WORK TASK:
For this exercise, retype the lines from the one that holds "Victoria Station London 1897 Table Clock" through the one that holds "Artisan Purple made" in the records below, both included, exactly and without pictures.

DATASET RECORDS:
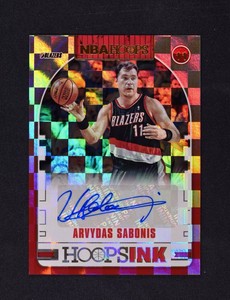 2018-19-Panini-Hoops-Ink-Auto-HI-ASB-Arvydas-Sabonis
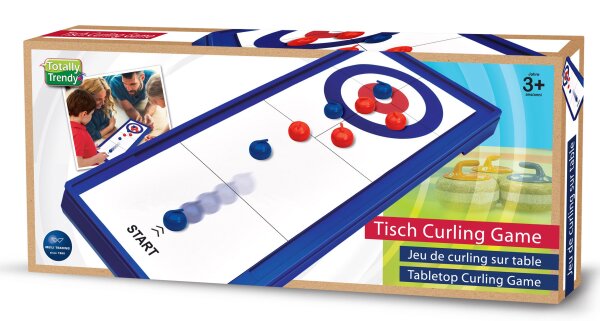 Trendy Tisch Curling Spiel mit 8 Steinen für spannende Wettkämpfe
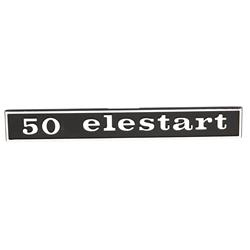 Schriftzug "50 elestart" Heck hinten 152512 für Vespa 50 Special Elestart V5B2T 1869 -> V5B4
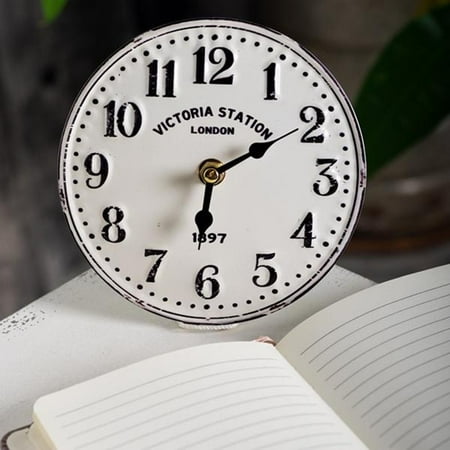 Victoria Station London 1897 Table Clock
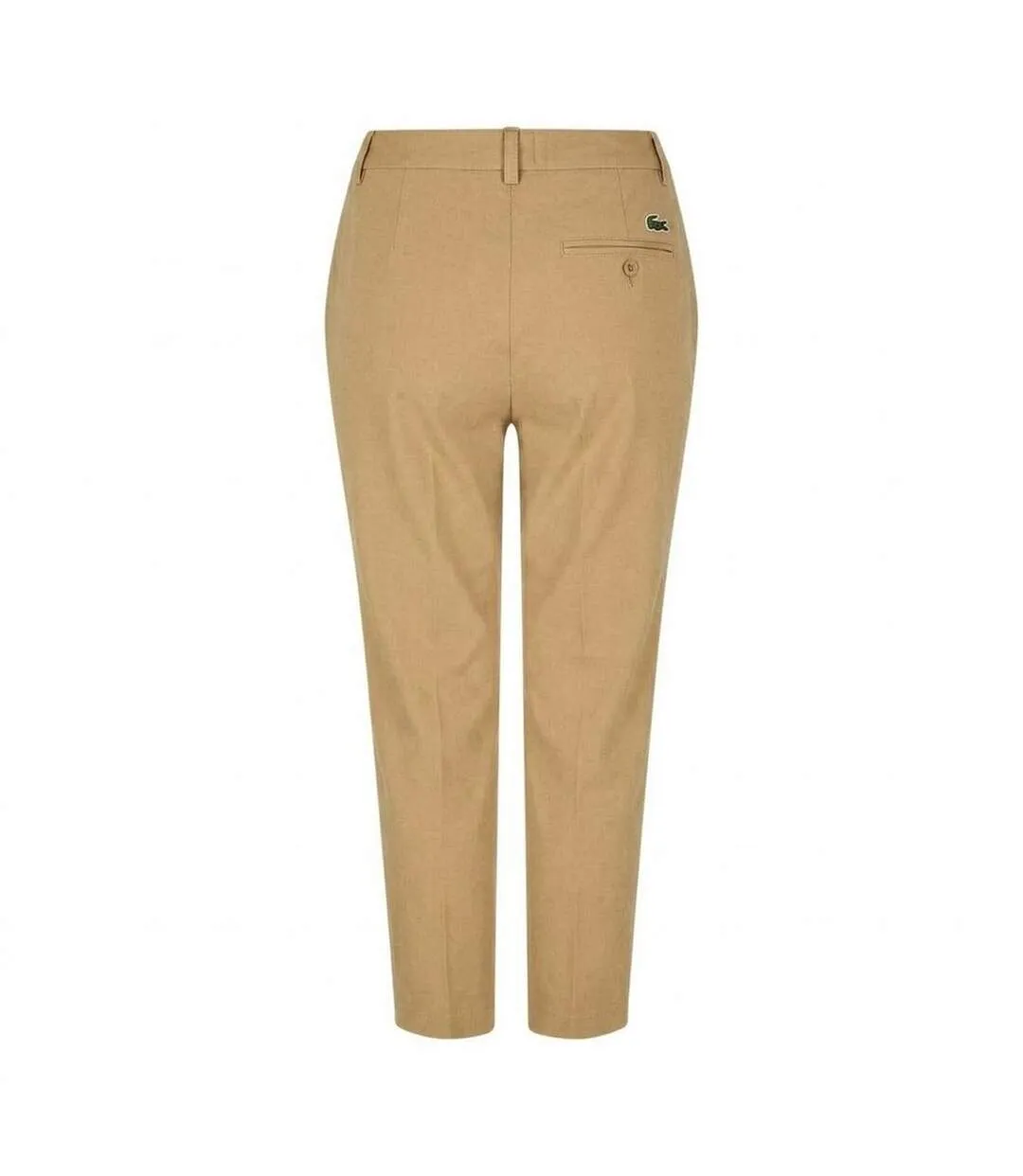 Chino Femme Marron Clair Lacoste-3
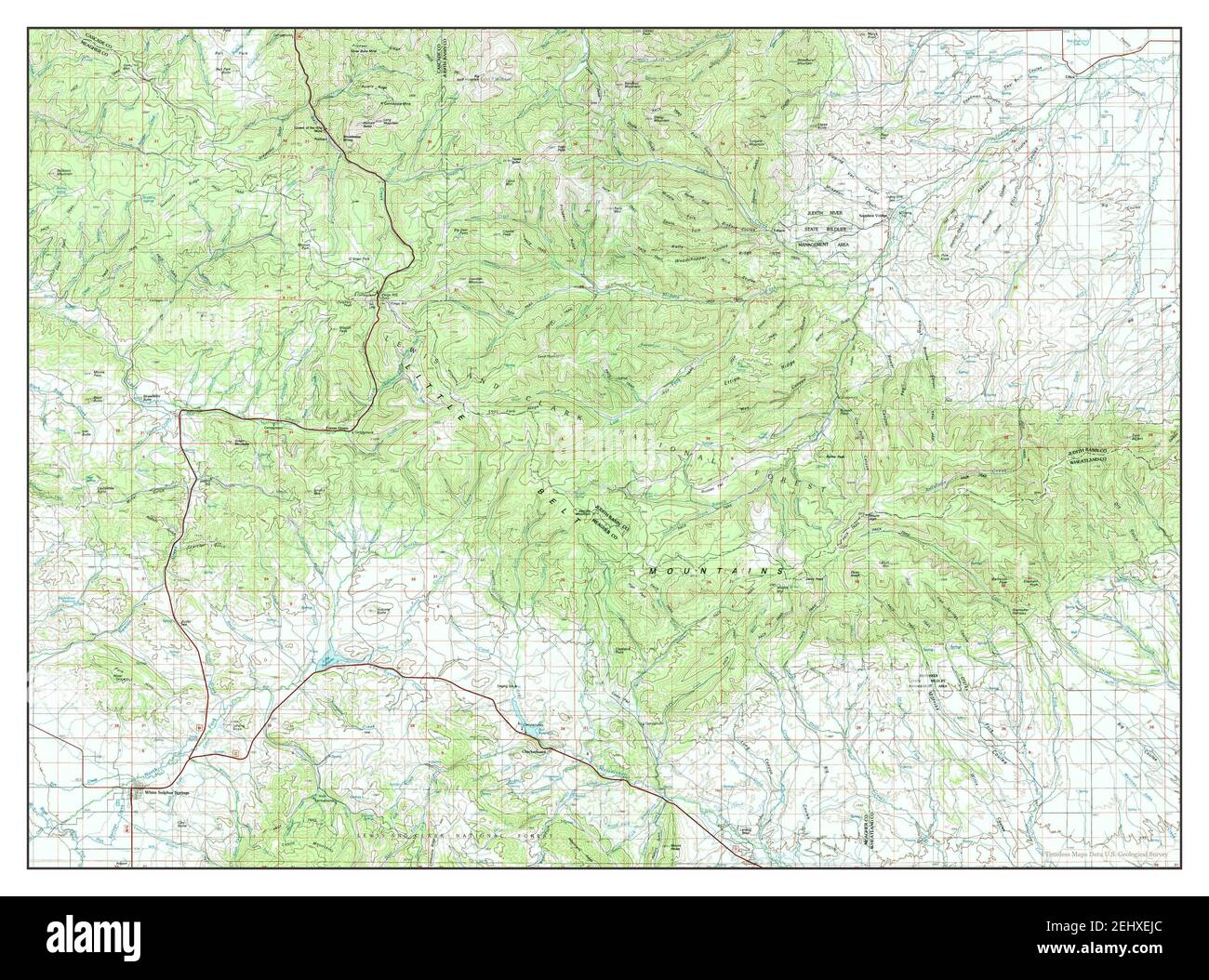 White Sulphur Springs, Montana, map 1984, 1100000, United States of
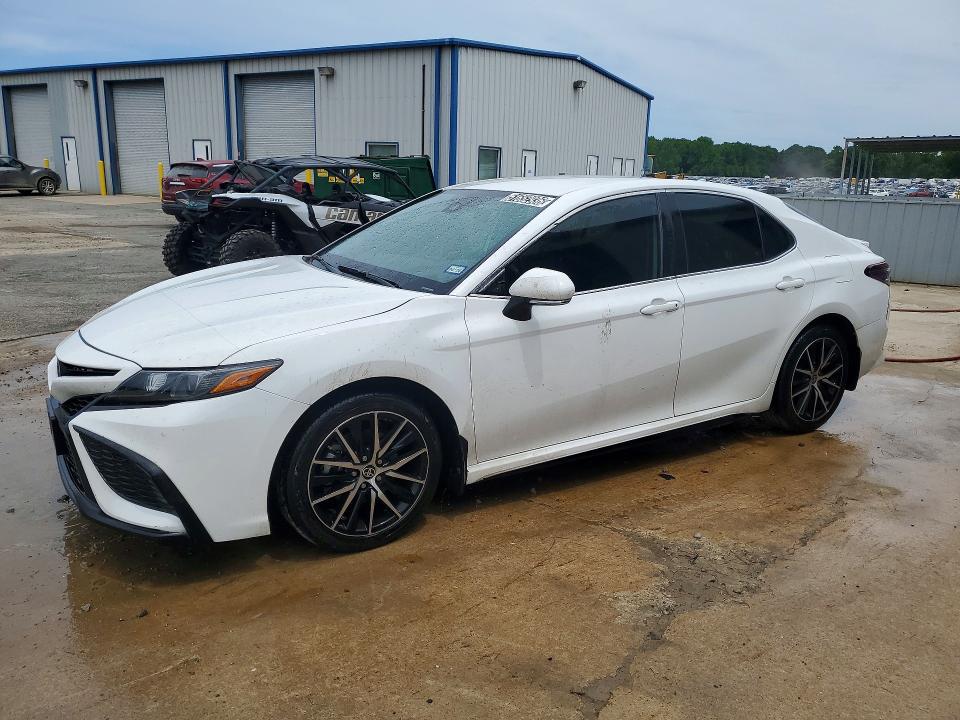 2023 Toyota Camry VIN 4T1G11AK5PU757783 COPART salvage auction — FRONT END, Tx - Cert Of Title-Rebuilt Salvage, sold $8,300 on 2026-07-07 (photo 1)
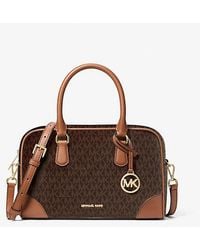 Michael Kors - Thompson Medium Signature Logo Satchel - Lyst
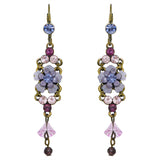 Artisan Purple made with Swarovski Crystal Dangle Earrings Dangle Earrings Handcrafted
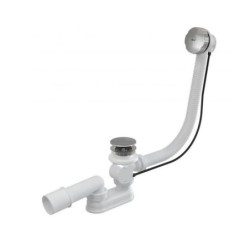 Alcadrain Garnitures de vidage - Kit vidange et trop-plein pour baignoire, longueur 800 mm, chromé A55KM-80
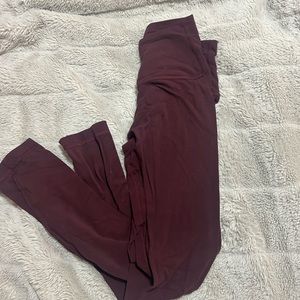 Size 2 Lululemon maroon align leggings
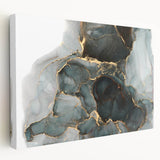 Premium Abstract Canvas Prints – Forest Green & Gold Art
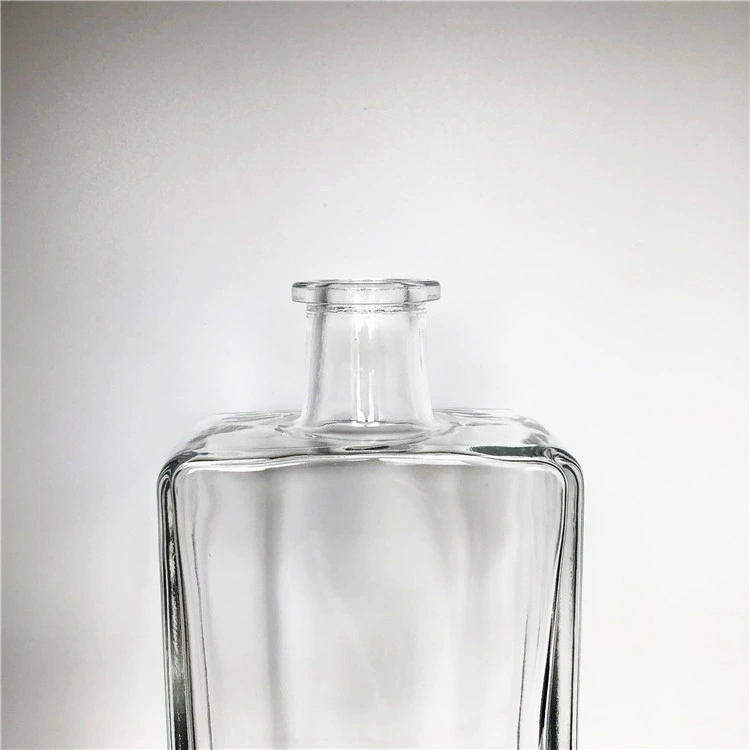 516ml Glass Spirit Bottles for Wine Liquor Flint Whisky Vodka Square Shape Empty Bottles Wholesale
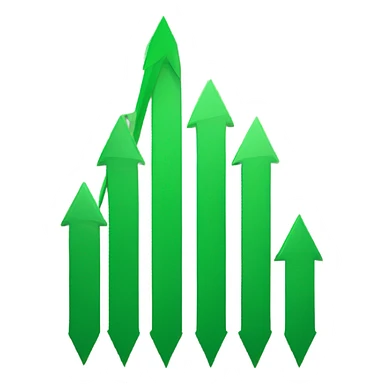 green arrow graph trending up sticker
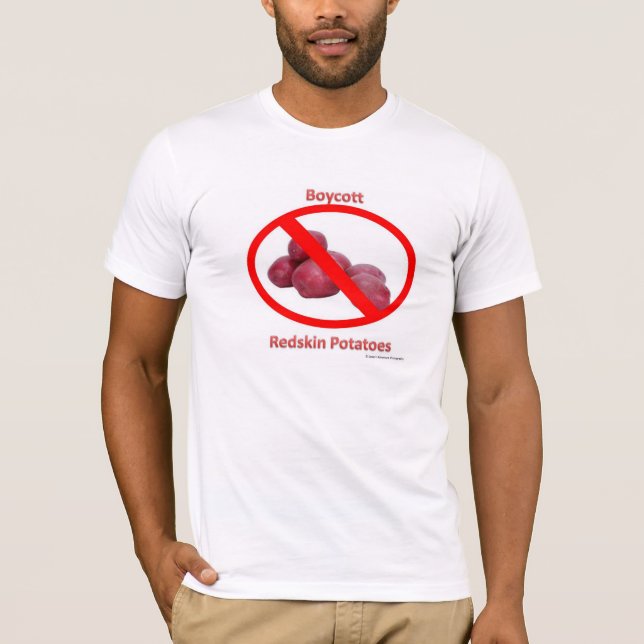 Camiseta Patatas de la piel roja del boicoteo (Anverso)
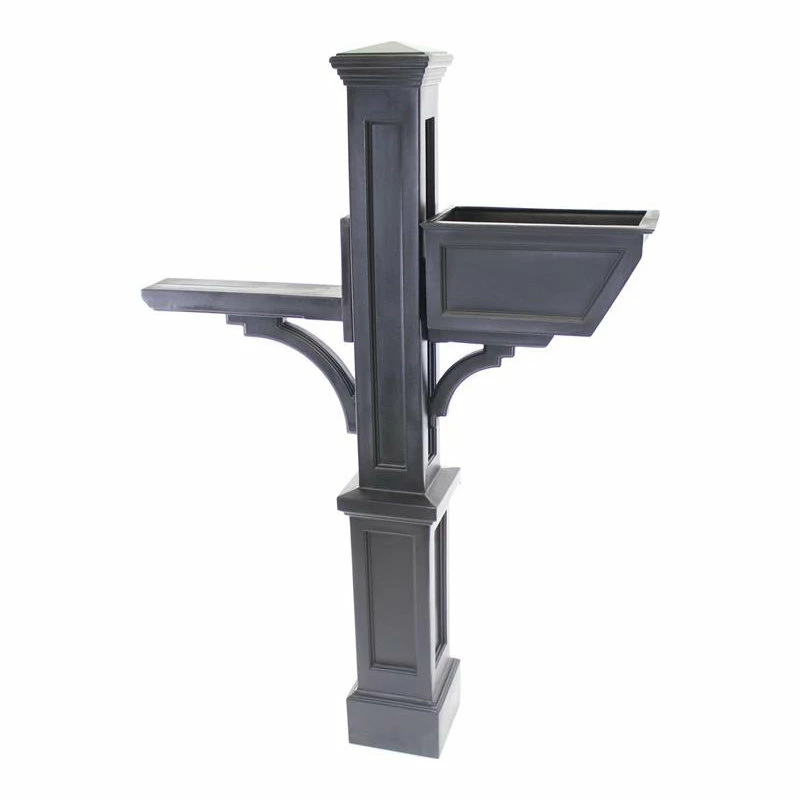 Mayne - Outdoor Products Of Distinction Mayne Westbrook Plus Traditional Plastic Mail Post In Black - Image 5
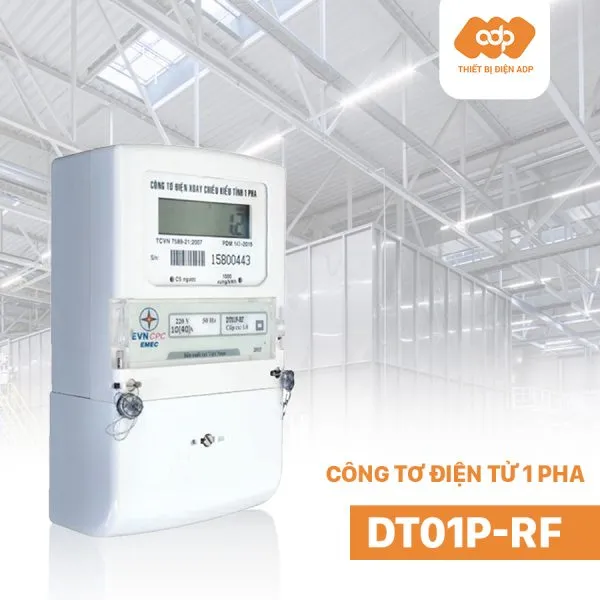 đồng hồ điện 1 pha dt01prf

SOLVED PROBLEM:
 Victoria Station London 1897 Table Clock
 Chino Femme Marron Clair Lacoste-3
 White Sulphur Springs, Montana, map 1984, 1100000, United States of
 2023 Toyota Camry VIN 4T1G11AK5PU757783 COPART salvage auction — FRONT END, Tx - Cert Of Title-Rebuilt Salvage, sold $8,300 on 2026-07-07 (photo 1)
 Michael Kors - Thompson Medium Signature Logo Satchel - Lyst
 Artisan Purple made with Swarovski Crystal Dangle Earrings Dangle Earrings Handcrafted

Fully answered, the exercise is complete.